Horemheb took a step toward Yuye. His hand was up, ready to slap her. But Aye stopped him.

“You’ll leave a mark,” he said to the general. “We don’t want that, do we?”

Aye turned his attention to Yuye. “The issue is not whether you
heard
something, but whether you will
say
something.”

“I won’t. I promise I won’t.”

Aye grabbed the girl’s wrist and yanked her toward him. His face was just inches from hers as he issued a quiet threat: “I
know.”

Aye then turned to Horemheb. “You think of a plan for him,” he said, nodding his head in the direction of Tut. “I’ll take
care of the girl.”

Chapter 60
Tut’s Palace

1324 BC

AT FIRST YUYE WAS CERTAIN Aye was going to kill her and dispose of her body. He’d forcibly pulled her out of Tut’s bedroom,
his grip so tight that she thought her wrist might break.

There was a bedroom two doors down, and he led her inside. Then he threw her down on the bed.

“The queen will find out if you kill me,” she said, sounding bolder than she felt.

“I know,” Aye said simply. Then he completely surprised Yuye. He told her to take off her clothes.

He did the same.

Now the aging vizier was on top of her. Yuye was not a virgin, but she hadn’t had much experience either. She didn’t know
what she was expected to do, but she did know that if she cried out for help she would probably die. Maybe not tonight. Maybe
not tomorrow. So she submitted.

What choice did she have? Aye was the supreme legal official in Egypt. Only the pharaoh could overrule him. Aye, in other
words, was the law. He, and he alone, decided what constituted rape.

At least he didn’t use force, so Yuye simply endured, knowing that this was one secret she could never tell the queen.

Aye seemed close to finishing, when suddenly he stopped himself and became talkative. “Listen to me. You will be my spy. Do
you agree to do this?”

“I don’t understand. What kind of spy?”

“You will tell me the queen’s secrets.
That
kind of spy.”

“She will become suspicious. She is no one’s fool.”

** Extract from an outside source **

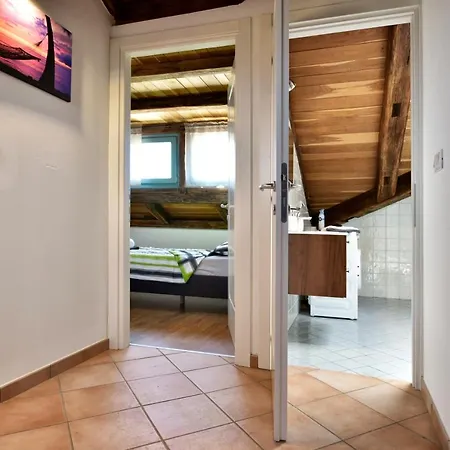 Apartment Alavanda - App S Bazenom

Aye was quiet for a moment. The muscles of his still-raw backside clenched, and he arched his back.

Then he raised his fist and brought it down hard into the girl’s ribs. It was more pain than Yuye had ever felt in her life.
She couldn’t breathe to cry out.

Now Aye rolled off her. “There will be more of this—more of us. I’ll let you know when and where. In the meantime, anything
and everything that comes from the queen’s lips will be reported to me. Am I understood?”

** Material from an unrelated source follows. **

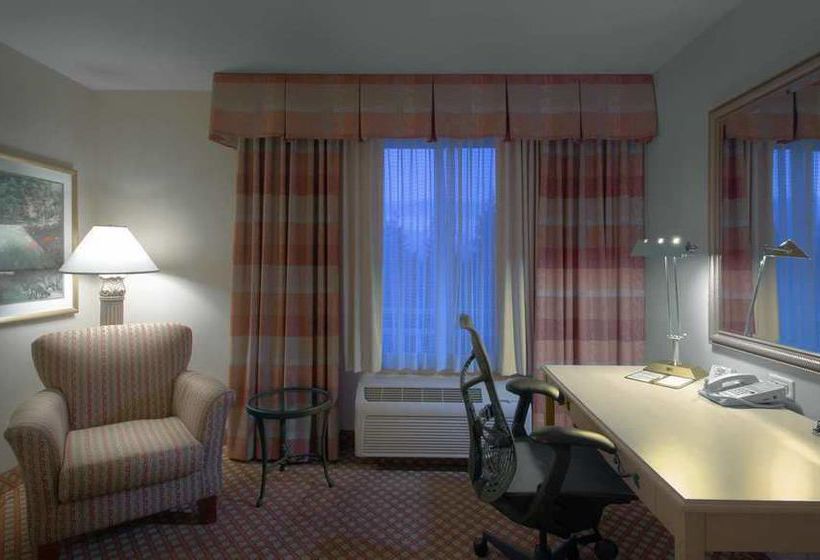 Hotel Hilton Garden Inn Mountain View  | Mountain View | California | United States 14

Yuye nodded. Of course she understood him.

Then Aye rolled back on top of the girl.

Chapter 61
Tut’s Palace

1324 BC

IT HAD BEEN A WEEK since the pharaoh’s chariot accident. Tut was well enough to sit up and take broth and sip a glass of wine
that contained powdered eggshells, which the physician believed would help heal the shell of Tut’s head.

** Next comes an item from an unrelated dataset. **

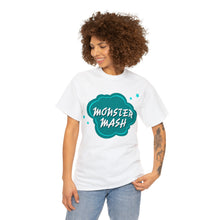Load image into Gallery viewer, Monster Mash Unisex T-Shirt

But for the most part Tut slept, his every toss and turn watched by Tuya and the queen. The two women took turns attending
him. Ankhesenpaaten had decided that they would be the ones to nurse him back to health.

Ankhe dabbed his forehead with a cool cloth, then bent down to tenderly kiss him. He had spoken a few words to her earlier,
but she knew he wasn’t safe yet.

The wounds would heal eventually, but his infections could worsen. She had seen this happen many times with the sick.

She kissed him again and then whispered, “I forgive you.” She believed that she did. Tut had been unfaithful but for the good
of Egypt and only as a last resort. Most important, it had been her idea.

The queen stood up and smoothed her dress, leaving Tut to sleep.

Now Tut lay alone in the darkness, breathing softly. She had left the white cloth on his forehead, but otherwise his skull
was uncovered.
Was he healing?
the queen wondered.

It was well past dark as she made her way back to her side of the palace. She was drowsy after a long day caring for the ailing
pharaoh.

Suddenly, a sound echoed down the hallway. “Who’s there?” she asked. “I heard someone.”

There was no answer, so the queen continued to her room.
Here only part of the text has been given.